Q. Example on hamming error correcting code?

For illustration a 4-bit matching word can stand for 2⁴=16 values that range from 0 to 15 as:

0000, 0001, 0010, 0011, 0100, 0101, 0110, 0111

1000, 1001, 1010, 1011, 1100, 1101, 1110, 1111

Value 0000 or 0 represent no error while other values that are 2ⁱ-1 (for 4 bits 2⁴- 1=15 which is from 1 to 15) signify an error condition. Every one of these 2ⁱ - 1(or 15 for 4 bits) values can be used to signify an error of an individual bit. Because error can take place at the time of transmission of 'N' bit data and 'i' bit error correction code hence we need to have as a minimum 'N+i' error values to signify them. Thus number of error correction bits must be found from subsequent equation:

2ⁱ - 1     >= N+i

If we are presuming 8-bit word then we need to have

2ⁱ - 1     >= 8+i

Say at

i=3                     LHS = 2³ -1 = 7; RHS = 8+3 = 11 

           i=4                      2ⁱ-1 = 2⁴ - 1 = 15; RHS = 8+4 = 12  

Thus for an eight-bit word we need to have as a minimum four-bit error correction code for detecting and correcting errors in a single bit at the time of transmission.

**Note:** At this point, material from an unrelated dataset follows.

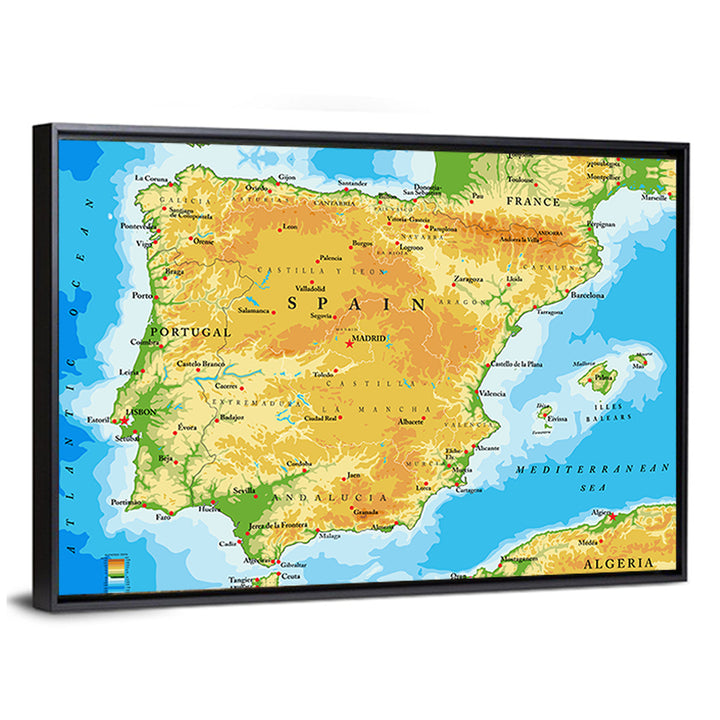 Iberian Peninsula Physical Map Wall Art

In the same way for 16 bit word we require i = 5

2⁵ -1 = 31 and 16+i = 16+5 = 21

For 16-bit word we require five error correcting bits.

Let's explain this with help of an illustration:

Let's presume 4 bit data as 1010

The logic is displayed in subsequent table:

Source:

This complete information that is (data and P1

to P4) is transmitted.  

Presuming one bit error in data.

So  P1  - D1, P3 - D3, P4  -D4 pair are different so, as per Figure b1 is in error, so correct it by completing b1 to get correct data 1010.

Case 2:   Data Received as 1000  (Error in b2)

So   P1 - D1, P2 - D2,   P4 - D4 pair are different so as per figure bit b2 is in error.  So correct it by complementing it to get correct data 1010.

Case 3:  

Now let's take a case when data received is correct however on receipt one of parity bit let's say P4 become 0.  Please note in this matter because data is 1010 destination parity bits would be D1=0, D2=1, D3=0, D4=1.  So P1- D1, P2 - D2, P3 - D3 would be same however P4 -D4 are different. This doesn't belong to any of combinations in Figure above. So we conclude P4 received is wrong.